Consider a Gaussian model $Y \mid f(\theta) \sim N( f(\theta), I)$. The negative log-likelihood is then
\[\ell(\theta) = -\log p(Y, \theta) = \frac{1}{2} \| f(\theta) - Y \|^2 + \text{const}.\]Notice that this is precisely the MSE.
Let $\nabla_\theta \ell = J^\top \cdot (f(\theta) - Y) \triangleq J^\top \cdot e$. So $e = f(\theta)-Y \sim N(0, I)$.
The Fisher information matrix is
\[F = \mathbb{E}_Y [ (\nabla_\theta \ell) (\nabla_\theta \ell)^\top ] = \mathbb{E}[ J^\top e e^\top J ]= J^\top \mathbb{E}[ e e^\top ] J = J^\top J.\]Thus, for general MSE loss, under the Gaussian assumption, the NGD update is
\[\theta^+ = \theta - \eta (J^\top J)^{-1} \nabla_\theta \ell = \theta - \eta (J^\top J)^{-1} J^\top e.\]Note $J$ is in shape $n_{y} \times n_{\text{param}}$. So with overparametrization, $J^\top J$ is singular. One can use pseudo inverse instead.
Note for general real matrix $J$, $(J^\top J)^{\dagger} J^\top = J^\dagger$. So the NGD update is
\[\theta^+ = \theta - \eta J^\dagger e.\]Now let’s check the linear stability of NGD at a minimizer $\theta^*$, i.e., $f(\theta^*)=y$.
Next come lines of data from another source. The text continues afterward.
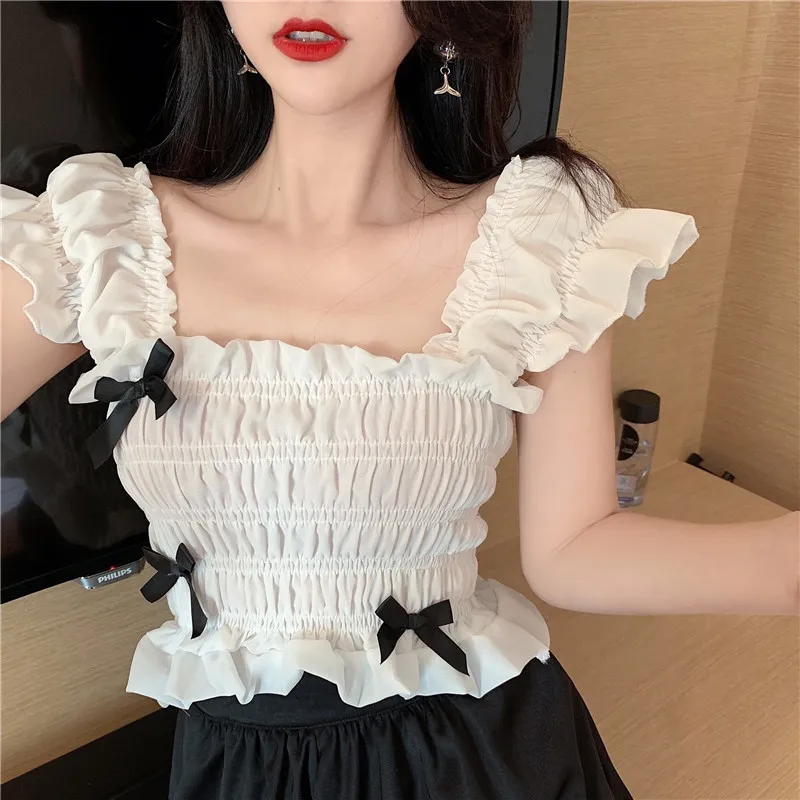 Lucyever Summer Sexy Ruffles Square-neck Tanks Women Fashion Backless Sleeveless Short Tops Ladies Slim Lace Woman Vest 210521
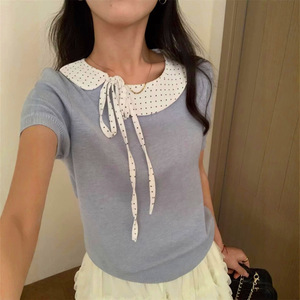 Chemisier en dentelle à manches courtes pour <span class=keywords><strong>femme</strong></span>, style vintage, col rond uni, avec nœud sur le devant, chemise décontractée d'été, haut tissé respirant pour <span class=keywords><strong>femme</strong></span> - Product Image 1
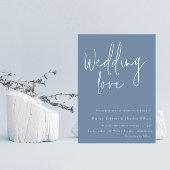 Weddenschap: Dusty Blue en White Modern Wedding Kaart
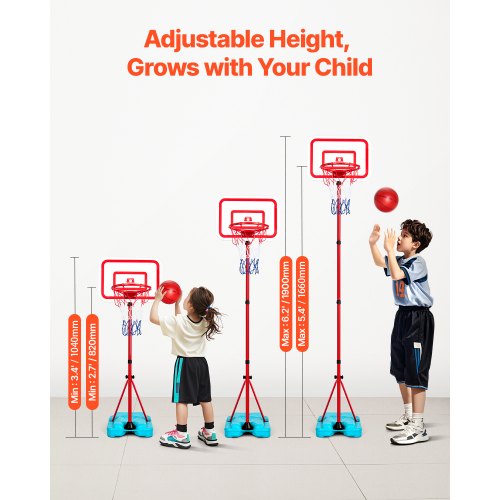 Kids Basketball Hoop Height Adjustable Portable Basketball Court with Fillable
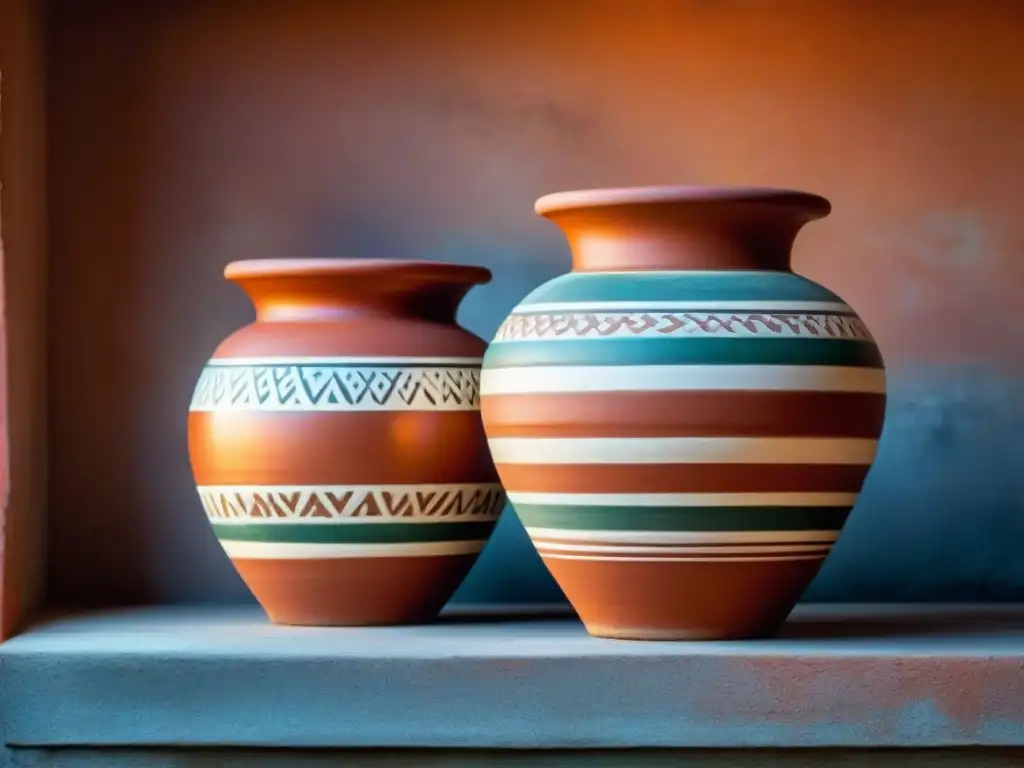 Detalles en terracota: cazuelas envejecidas apiladas, texturas y patrones, historia y tradición de la cocina toscana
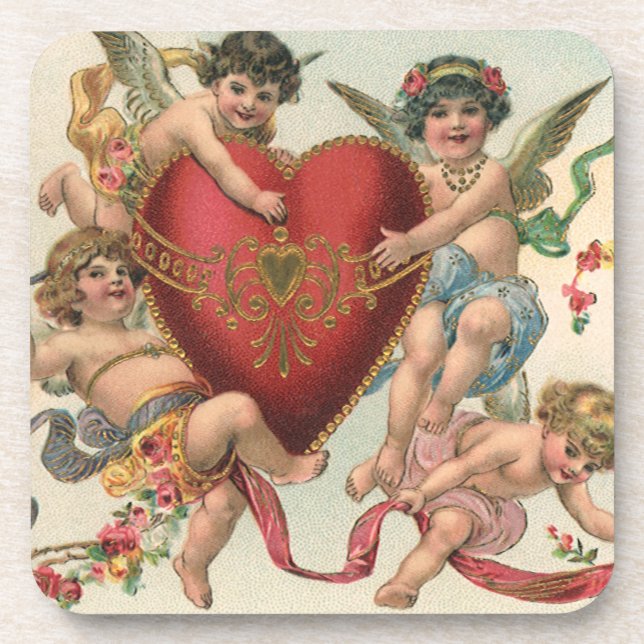 Posavasos San Valentín de época, ángeles victorianos Corazón (Frente)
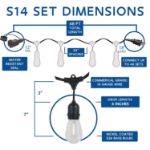 24 Warm White Plastic LED S14 Commercial Grade Suspended Light String Set on 48' of Black Wire Shatterproof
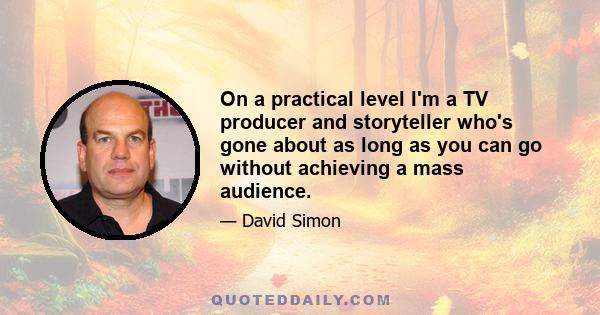 On a practical level I'm a TV producer and storyteller who's gone about as long as you can go without achieving a mass audience.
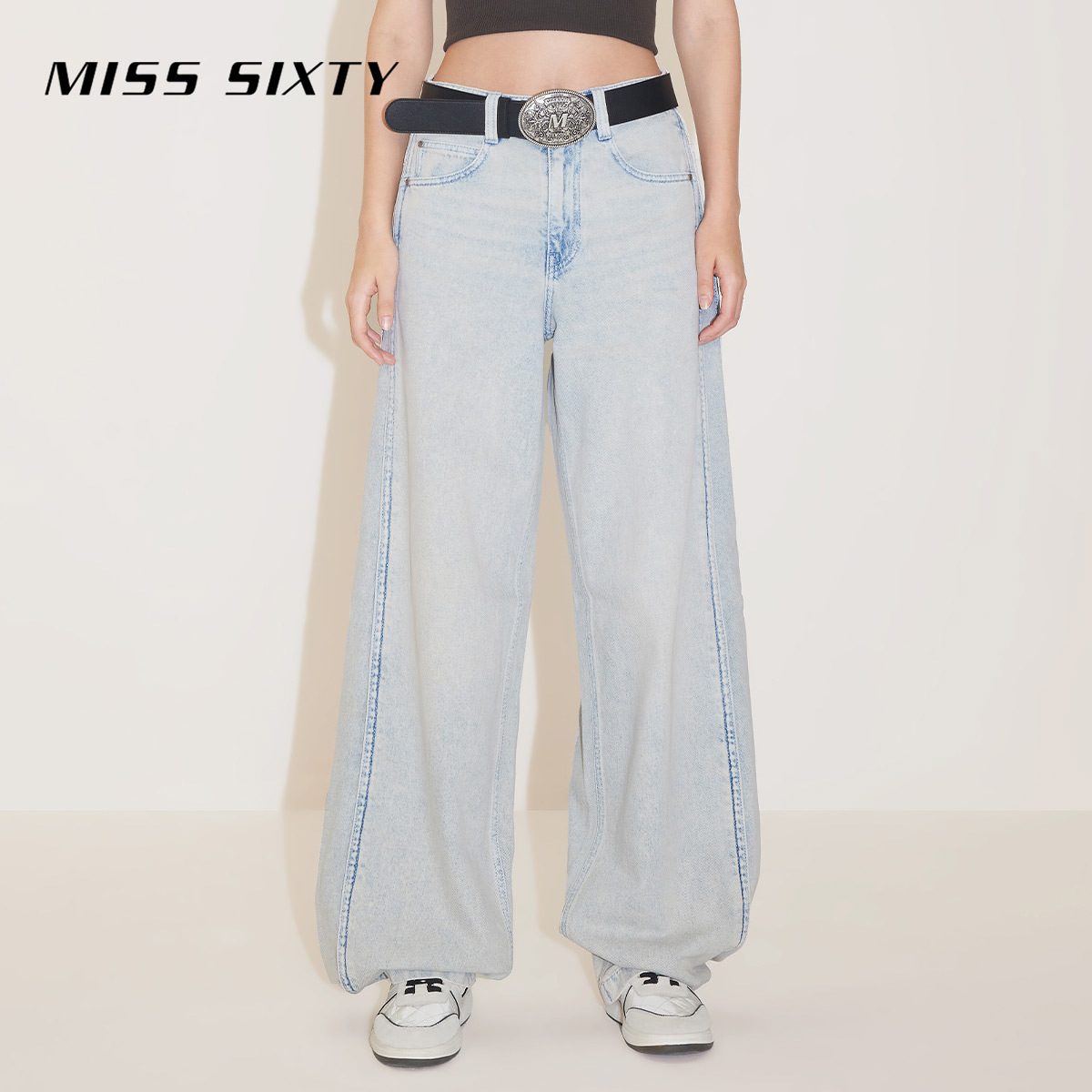 Miss Sixty新款牛仔裤女环保丹宁高腰可调节阔腿裤雅丹风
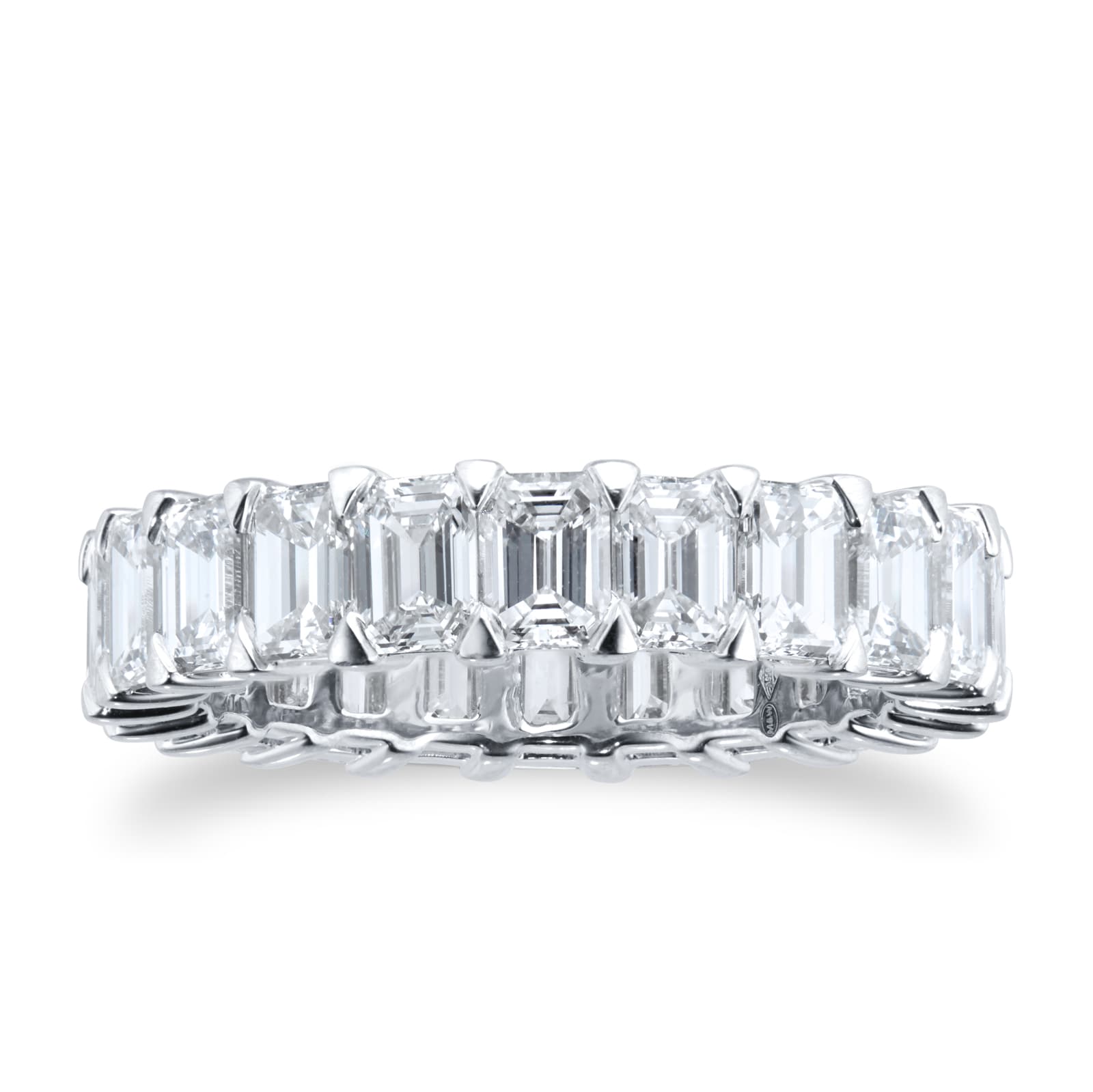 Platinum 5.42cttw Emerald Cut Diamond Full Eternity Ring - Ring Size M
The Jacobian of the NGD update map is
\[\partial_\theta (\theta^+) = I - \eta \partial_\theta( J^\dagger e ) = I - \eta \partial_\theta( J^\dagger )\cdot e - \eta J^\dagger \cdot \partial_\theta e.\]Evaluated at a minimizer $\theta^*$, we have $e^*=0$ and thus
\[\partial_\theta (\theta^+)\mid_{\theta^*} = I - \eta J^\dagger J.\]Note that $J^\dagger J$ is the orthogonal projection onto the row space of $J$; If the SVD of $J$ is $U\Sigma V^\top$, the SVD of $J^\dagger J$ is $V \text{Diag}(I_r, 0) V^\top$, where $r$ is the rank of $J$.
Consequently, the eigenvalues of $\partial_\theta (\theta^+)\mid_{\theta^*}$ are $1$ and $1-\eta$, which do not depend on the location $\theta^*$.
This means that, from the eyes of NGD, all minimizers have the same sharpness.
Remark: instead of $(J^\top J)^\dagger$ one can also use $(J^\top J + \varepsilon I)^{-1}$, in which case the above statements can fail.